Of course, that was a con; what was familiar about Elin became inextricable to her story. And yet that story became quite distinct from what I know. As did she, taking on quirks and preoccupations, competencies and ways of thinking, backstory and bad fashion, until she was gorgeously imperfect and sui generis

So, she started out proximal, and by the end of the writing, she was someone I approached from a distance, as invented as any of my characters, and more interesting, more real, because of that.

TC: Resistance is as a central theme—personal resistance, political resistance, how we resist our own gifts and dreams and histories and fears. Can you talk about this a little more?

KF: It begins in the literal. Elin’s mother, Lilliana, is barely a teenager when she joins the Danish resistance during that country’s WW2 occupation by the Nazis. The adrenalized heroism of war marks her for life: years into a comfortable, safe existence in the US, she turns her need to resist inward on her family.

Elin’s resistance is different: she pushes back against other people’s versions of her, the roles they need her to fill in order for their lives and narratives to work. This includes the world of physics where women have been sidelined from its historical memory and glories. Ultimately, Elin has to resist her own fearfulness: she’s afraid of the uneasy paradoxes of truth telling, forgiveness, and love. She has to get past what’s relinquished to understand what’s gained.

Mette, Elin’s singer-songwriter sister, resists artistic classification, as well as a conventional lifestyle, and the bitterness that can come from being defined by a single artistic output.

Finally, there’s Elin’s daughter, Bets, who is young and principled in the face of oppression — including the subtle and less subtle kinds from her parent. Her resistance is bracing in its clarity.

TC: It’s also a portrayal of strikingly generational feminisms. What were the rewards and challenges of exploring three powerful women from very different generations—scientist Elin, her creative daughter, Bets, and taciturn political-agitator-turned-matriarch, Lilliana?

One of the rewards of writing are those symmetries that arise naturally from your characters which you can’t pretend to have intentionally or consciously orchestrated. This certainly happened with these three women.

Elin and Lilliana are both mothers who want to see themselves mirrored in their daughter. Elin and Bets are both daughters who don’t recognize themselves in their mothers. This inability to see their reflections, their lineage, is because their feminism and power is divided by context, generational and personal.
 
The challenge of writing such characters is nailing their voices and balancing what’s powerful within each of them with what’s vulnerable so they’re believable and dimensional. They betray each other in dramatic and subtle ways, and in doing so contradict their own feminisms.
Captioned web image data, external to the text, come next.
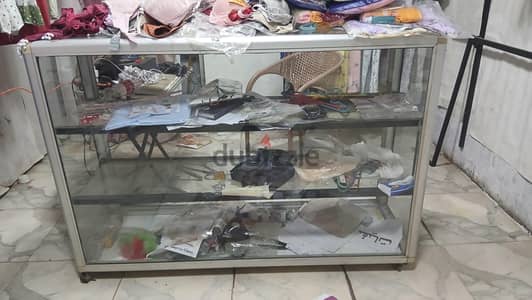 فاترينة زجاج متر ونص عرض في ١٢٠ سم طول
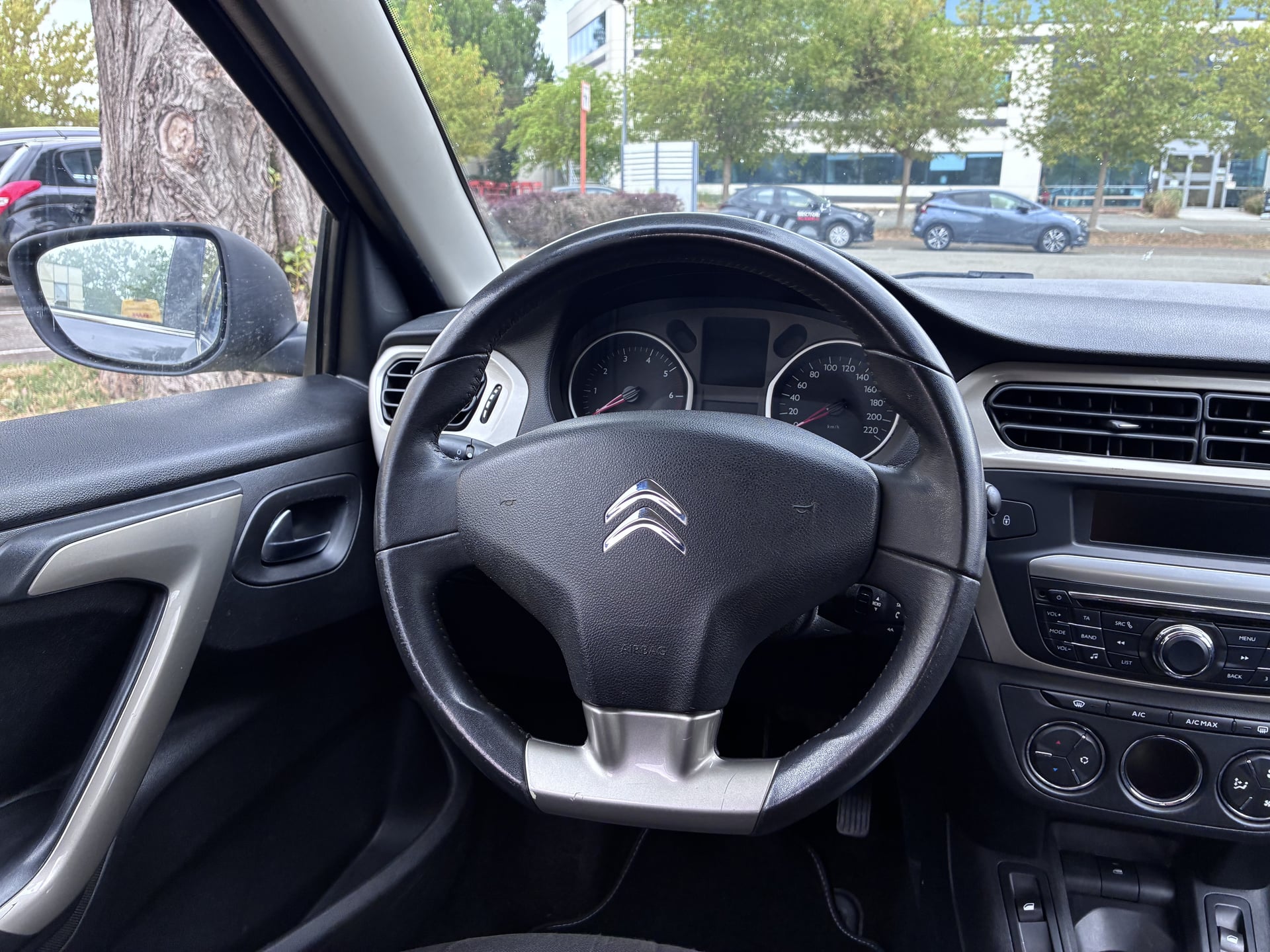 Citroen C-Elysée 1.6 BLUEHDI 100CH CONFORT — 14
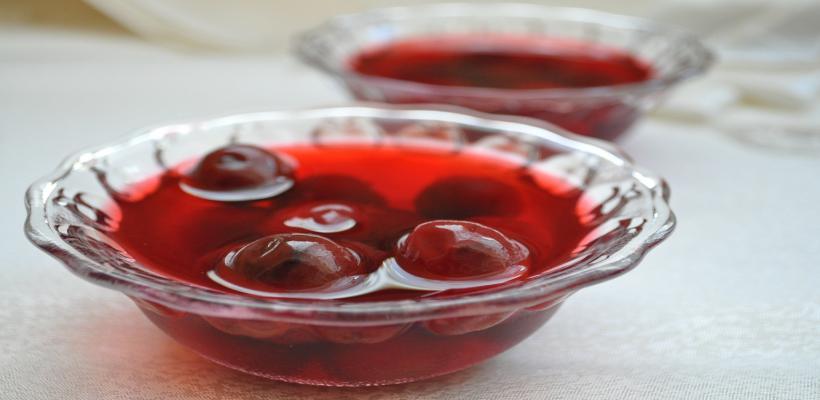 Kuru Erik Hoşafı Tarifi ve Malzemeleri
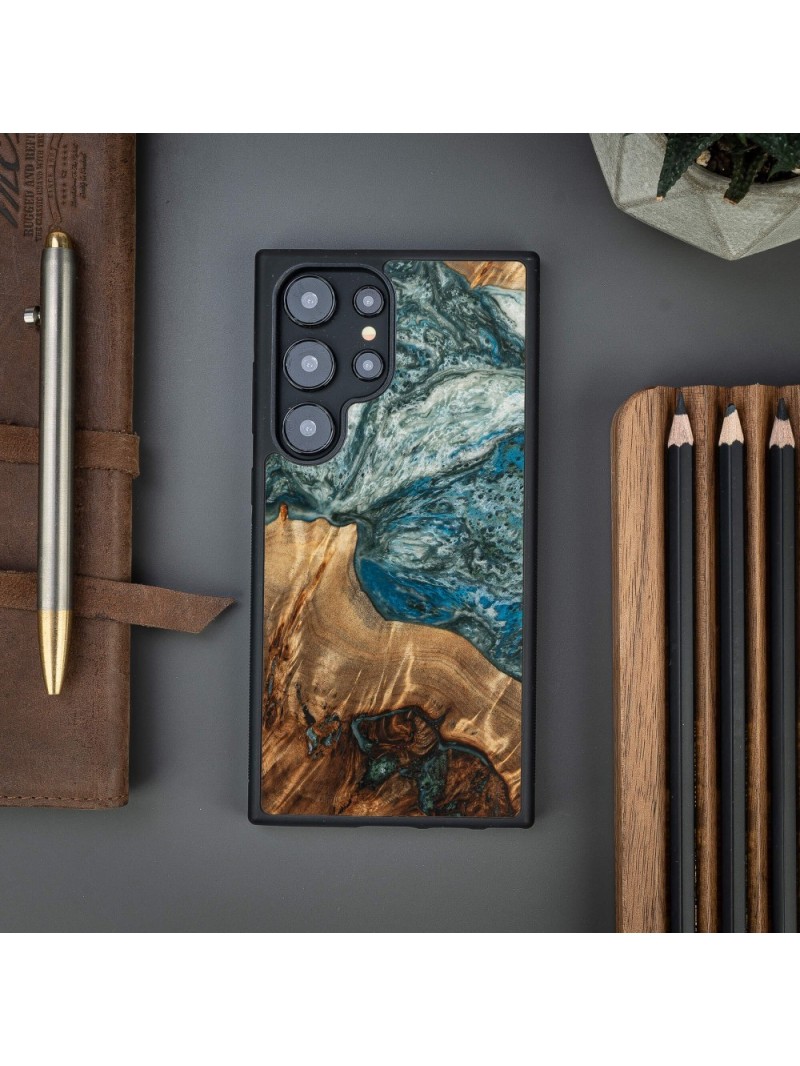 Resin & Wood Samsung S24 series case – Planets - Earth Resin & Wood Samsung S24 series case – Planets - Earth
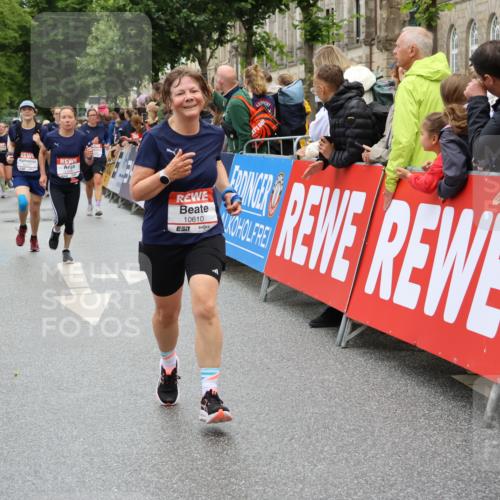 14.06.2026 - REWE Women's Run Strokosch-Dieckow http://msf.ph/oto/9786030 14.06.2026 10:05:02 Ziel 10127, 10326, 10610, 11081 meine-sportfotos.de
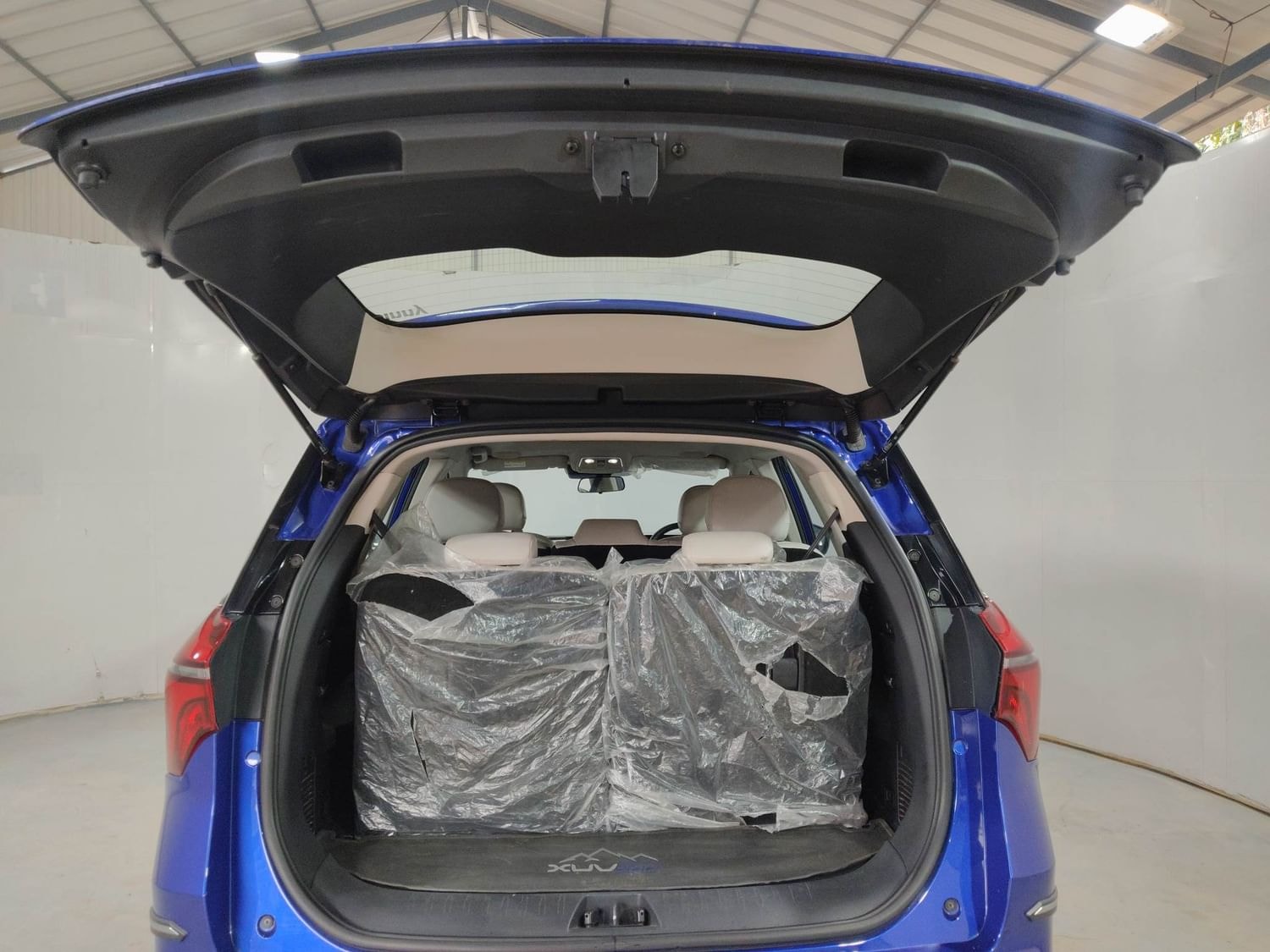 XUV700 image 24 XUV700 image 24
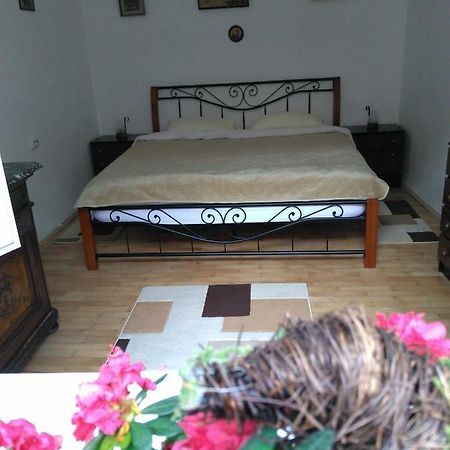 Apartamento Mama Braşov Exterior foto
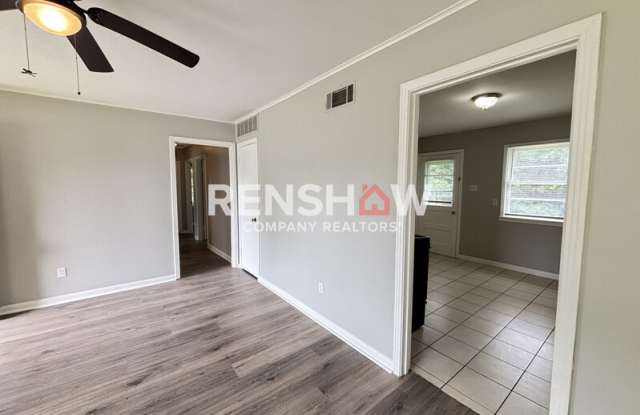 828 Harvey Cv Gallery 2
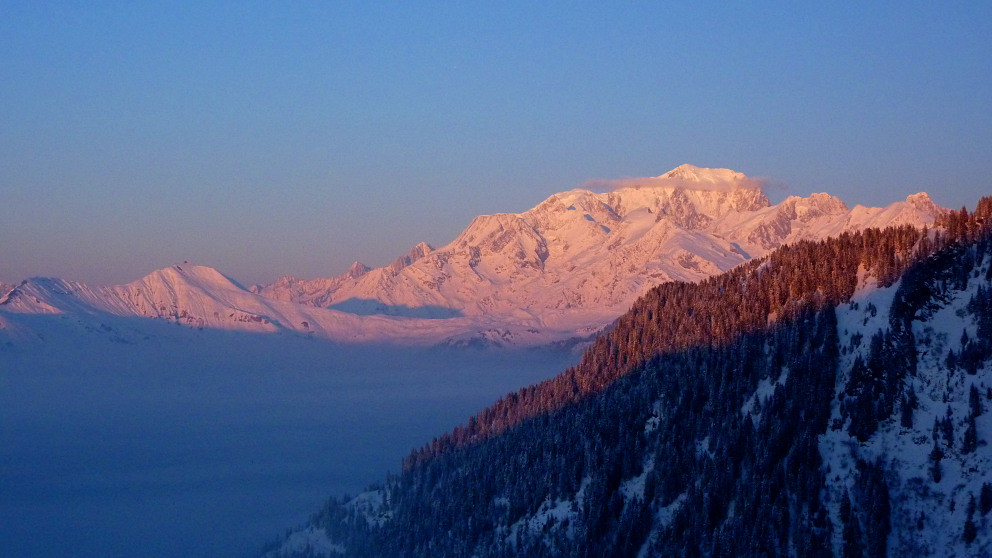 coucher de soleil sur le Mont blanc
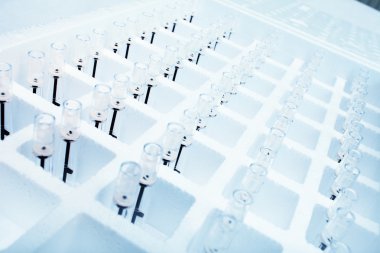 Обладнання для лабораторних досліджень. міні труб.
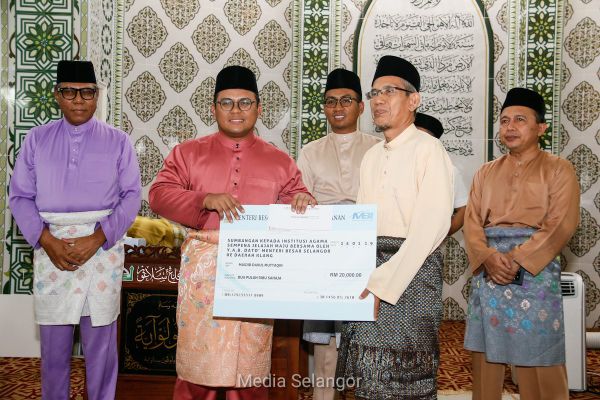 20 institusi Islam Klang terima sumbangan RM230,000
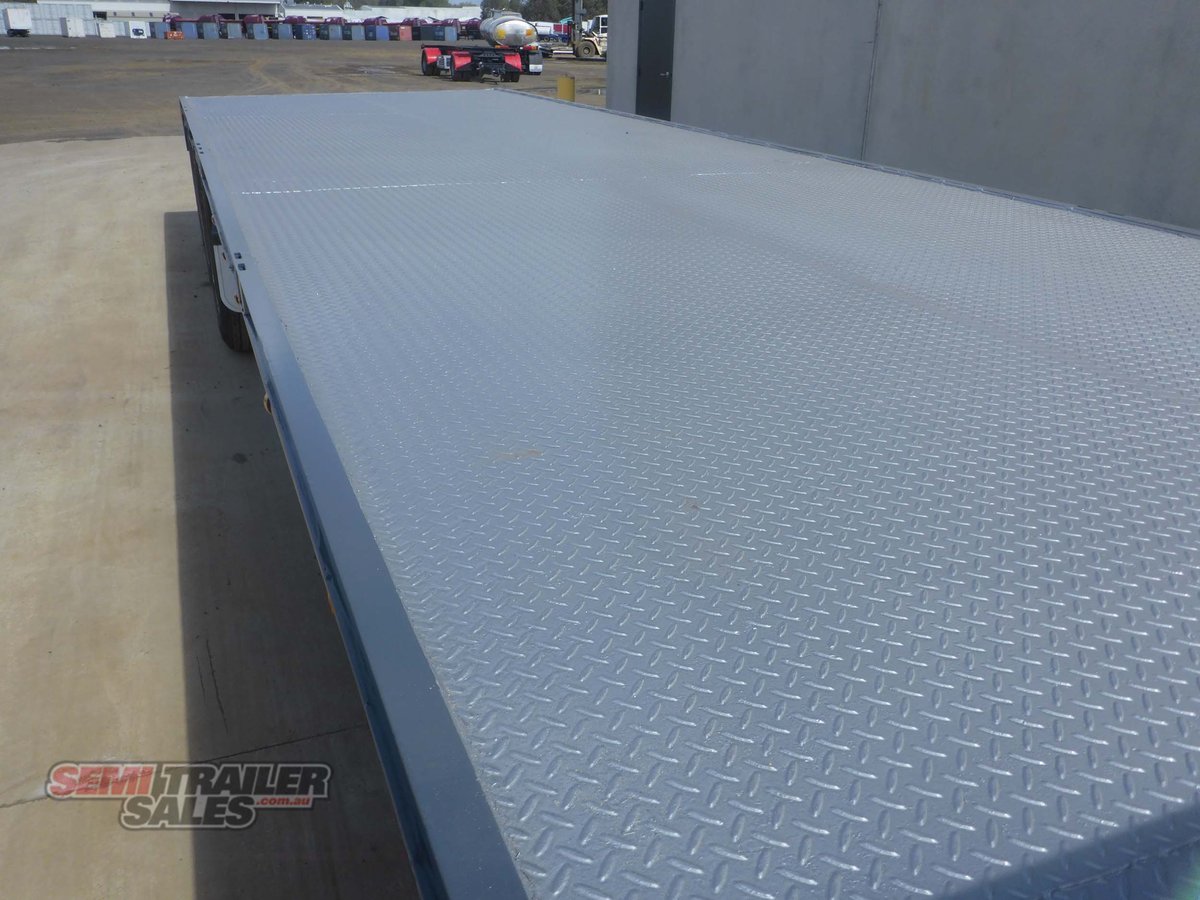 TOPSTART DROP DECK TRAILER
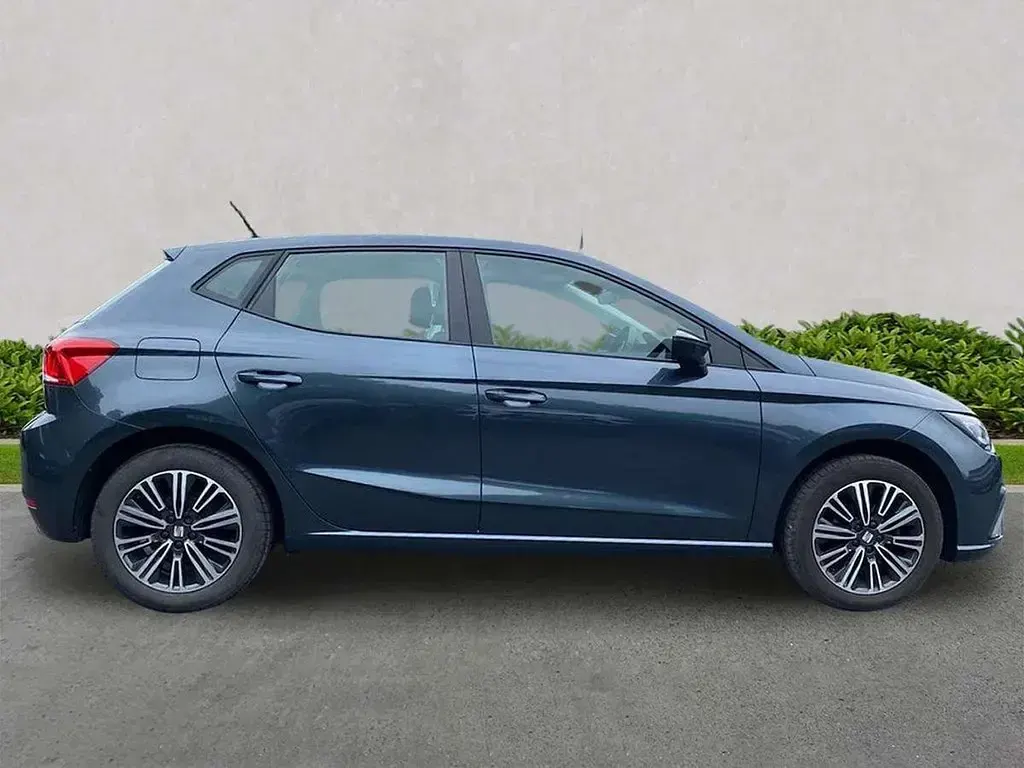 Begagnad Seat Ibiza SE Technology 95 HK (69 kW) 2023 Grå Halvkombi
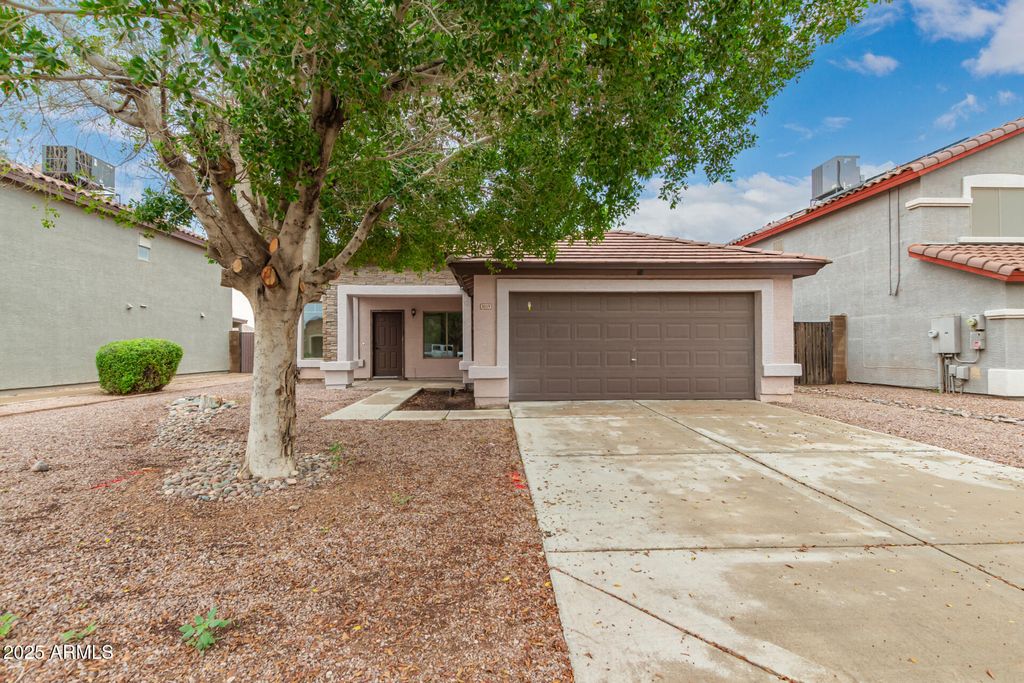 Photo of 8559 W Sunnyslope Lane, Peoria, AZ 85345 (MLS # 6925758)
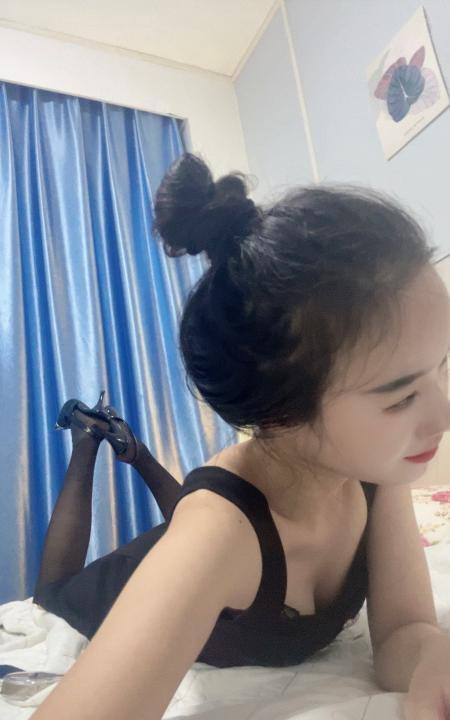 长腿女友小雅琳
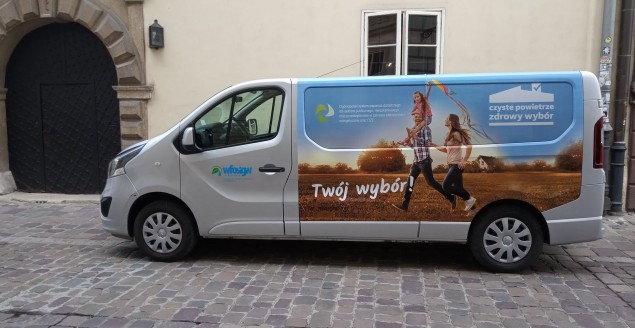Mobilne Biuro programu "Czyste Powietrze" dotrze do gminy
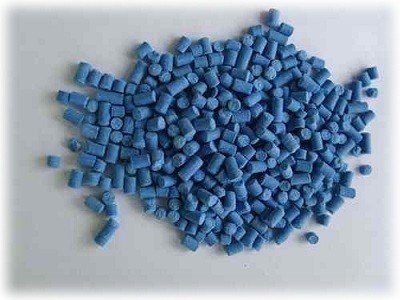 Синие гранулы полипропилена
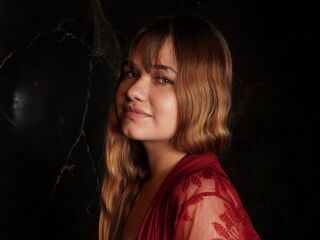 girl CharlotBlonde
Yet there’s a subtext of love there even in the harshest of moments. That’s a tricky tightrope to dance along but makes for such satisfying writing.

TC: The book mines the world of Danish modern furniture—a world, I learned, of ambition and rivalry, idealism and despair. How did Danish furniture find its way into the novel, and what kind of research did you conduct to get the details just right?

KF: I grew up with Scandinavian modernist furniture. Nobody else in our neighbourhood had couches and chairs that were so uncomfortable and unforgiving. As a child, I remember lying on the carpet, looking up at the angles and curves, the dark teak and the beautifully striped fabric imagining prehistoric birds with aquatic plumage.

And then one day it was all gone. I have four siblings—we were big-boned, rowdy children—so we may have simply wrecked the stuff.  Our house filled up with this rough-hewn early Canadiana instead, just as uncomfortable, way more durable. I was bereft.

My mid-century modern infatuation waited for adulthood to reappear.

Once the physicist Niels Bohr showed up in this manuscript, a door was open for his Copenhagen contemporaries. Those included Arne Jacobsen, the architect responsible for iconic Danish furniture design, who also escaped to Sweden during WW2. I entwined their narratives with my characters Lilliana and Tig Henriksen, who meet as resistance fighters, get married, and emigrate to the US where Tig tries to emulate Jacobsen’s success.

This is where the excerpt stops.